Что касается эстетического учения Н.Г.Чернышевского, изложенного им в
знаменитой магистерской диссертации и в ряде других работ, то здесь по
отношению к ним вопрос о новизне в таком разрезе не стоял. Исследователи
эстетического учения мыслителя, "оценщики" разного творческого ранга
и философского умонастроения, будучи представителями разного исторического
времени, неоднократно свидетельствовали (некоторые из них - даже пылом своего
полемического негативизма) о несомненной новизне и огромном социокультурном и
мировоззренческом значении этого учения, о закладке на его основе нового
эстетического сознания.
Не случайно, один из редакторов некрасовского журнала
"Современник" М.А.Антонович, отзываясь на второе издание работы
Н.Г.Чернышевского "Эстетические отношения искусства к
действительности", писал: "В этом сочинении в первый раз были
высказаны, доказаны и развиты те эстетические воззрения, которые в настоящее
время получили право гражданства и почти исключительное господство в нашей
литературе. До 1855 года никто и не слыхивал об этих воззрениях" 2.
Это не могло не вызвать соответствующей реакции у тех, кто сохранял уважение
к старым критериям эстетического мышления, не желал - да и не мог по
устоявшейся художественной практике того времени - поступаться ими.

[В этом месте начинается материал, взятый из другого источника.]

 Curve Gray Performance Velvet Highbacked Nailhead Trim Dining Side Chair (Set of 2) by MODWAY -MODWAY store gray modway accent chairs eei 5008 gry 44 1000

Последнее
обстоятельство дало дополнительный толчок к резкой поляризации сил в среде
научной и творческой интеллигенции, что, впрочем, имело и положительную
сторону, поскольку проясняло в наиболее доступной для массового
"потребителя" сфере - в сфере искусства и журнальной публицистики -
истинное социальное лицо и историческую направленность действия этих сил.
Нам нет необходимости касаться деталей той полемики, которая развернулась
вокруг работы Н.Г.Чернышевского "Эстетические отношения искусства к
действительности" и застрельщиками которой явились как представители левой
оппозиционной демократии (Д.И.Писарев, В.А.Зайцев), так и либерально-дворянские
теоретики (А.В.Дружинин, И.Цитович, А.Немировский, К.Случевский и др.) - об
этом достаточно полно говорится в нашей исследовательской литературе 3.
Хотелось бы лишь, исходя из целей данного исследования, отметить три
немаловажных момента, из которых первый и третий не рассматривались ещё в
качестве предмета для специального анализа.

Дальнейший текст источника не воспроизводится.